Les soulèvements populaires sont dirigés contre les boïars et les fonctionnaires des Prikazes, contre les « méchants conseillers ». Le peuple, toutefois, ne s’oppose pas à la tutelle du tsar, juste par définition, puisque venant de Dieu. La langue russe dispose de deux mots pour traduire la notion de liberté : svoboda et volia. Le premier n’entre en usage que tardivement ; volia, en revanche, remonte au fond des âges ou presque. Le mot svoboda est d’origine étrangère et désigne la liberté individuelle ; volia exprime, le plus souvent, la libération brutale, violente, d’une tutelle. La philosophie et la pratique du pouvoir consistent, au temps d’Alexis, à ne pas accorder de volia aux plus humbles. La volia ne peut donc être obtenue que par la force. La volia peut être accordée, elle peut aussi être « arrachée ». C’est une notion extérieure, matérielle, sans la signification morale de la svoboda. La volia peut être prise dans deux cas : quand on possède une force hors du commun, digne des figures de légendes et permettant de rejeter les douces chaînes de la tutelle ; quand les forces extérieures qui protègent la tutelle s’affaiblissent soudain.

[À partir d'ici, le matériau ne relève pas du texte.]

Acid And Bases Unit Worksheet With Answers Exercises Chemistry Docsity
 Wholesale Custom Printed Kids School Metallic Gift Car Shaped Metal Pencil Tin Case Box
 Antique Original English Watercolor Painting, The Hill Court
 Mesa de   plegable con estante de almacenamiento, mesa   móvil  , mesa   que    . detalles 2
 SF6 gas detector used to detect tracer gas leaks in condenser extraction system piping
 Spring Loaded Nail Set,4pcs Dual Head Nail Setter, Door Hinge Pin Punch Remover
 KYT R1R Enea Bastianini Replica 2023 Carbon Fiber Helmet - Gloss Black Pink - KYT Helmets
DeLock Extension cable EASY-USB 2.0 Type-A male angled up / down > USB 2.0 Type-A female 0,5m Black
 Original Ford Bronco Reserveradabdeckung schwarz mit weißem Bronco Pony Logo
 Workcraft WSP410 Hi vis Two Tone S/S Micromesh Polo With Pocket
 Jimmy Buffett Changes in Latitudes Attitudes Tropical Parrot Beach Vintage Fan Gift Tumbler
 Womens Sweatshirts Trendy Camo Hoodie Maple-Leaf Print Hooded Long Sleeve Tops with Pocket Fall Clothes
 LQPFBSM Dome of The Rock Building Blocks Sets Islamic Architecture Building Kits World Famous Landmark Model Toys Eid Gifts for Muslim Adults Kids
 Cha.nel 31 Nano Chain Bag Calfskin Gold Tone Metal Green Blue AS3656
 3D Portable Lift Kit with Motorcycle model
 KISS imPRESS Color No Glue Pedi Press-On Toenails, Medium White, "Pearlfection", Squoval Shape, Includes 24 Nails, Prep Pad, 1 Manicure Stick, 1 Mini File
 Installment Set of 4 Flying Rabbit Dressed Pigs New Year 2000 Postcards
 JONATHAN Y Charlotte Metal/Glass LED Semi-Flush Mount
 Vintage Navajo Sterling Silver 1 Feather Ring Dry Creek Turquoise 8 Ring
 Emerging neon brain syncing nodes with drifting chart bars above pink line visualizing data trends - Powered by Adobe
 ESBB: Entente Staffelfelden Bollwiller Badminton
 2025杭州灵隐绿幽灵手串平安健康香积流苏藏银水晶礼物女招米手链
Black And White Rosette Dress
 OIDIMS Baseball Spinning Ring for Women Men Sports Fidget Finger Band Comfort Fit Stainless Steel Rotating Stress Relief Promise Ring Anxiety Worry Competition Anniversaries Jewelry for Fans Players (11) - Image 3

Bien souvent, la volia, lorsqu’elle rompt ses chaînes, prend la forme d’une licence effrénée, d’une fête cruelle où tout est permis. Au XIXe siècle, considérant l’histoire de son pays, Pouchkine mettra en garde contre le bount (le soulèvement) à la russe, « impitoyable et absurde ». Absurde pour le grand poète russe du XIXe siècle, imprégné de rationalisme, le bount a, pour les révoltés des XVIIe et XVIIIe siècles, un sens profond, évident : les acteurs des Révoltes du Sel et du Cuivre vont chercher la « vérité-justice » (la pravda) auprès du tsar. L’armée de Stepan Razine, dépêche ainsi deux nefs – l’une tendue de velours rouge, l’autre de velours noir – « au tsarévitch Alexis Alexeïevitch » (le fils du tsar, mort avant le début du soulèvement) et « au patriarche Nikone ». Nul, dans les troupes insurgées, n’a jamais vu aucun d’eux, mais cela n’empêche pas les révoltés de se battre contre les boïars, les voïevodes et les gens des Prikazes, pour le tsarévitch, Nikone et Stepan Razine. Les émeutiers manifestent ainsi leur mécontentement du tsar Alexis, mais sous une forme atténuée, puisqu’ils reportent leur foi dans le tsar sur son fils.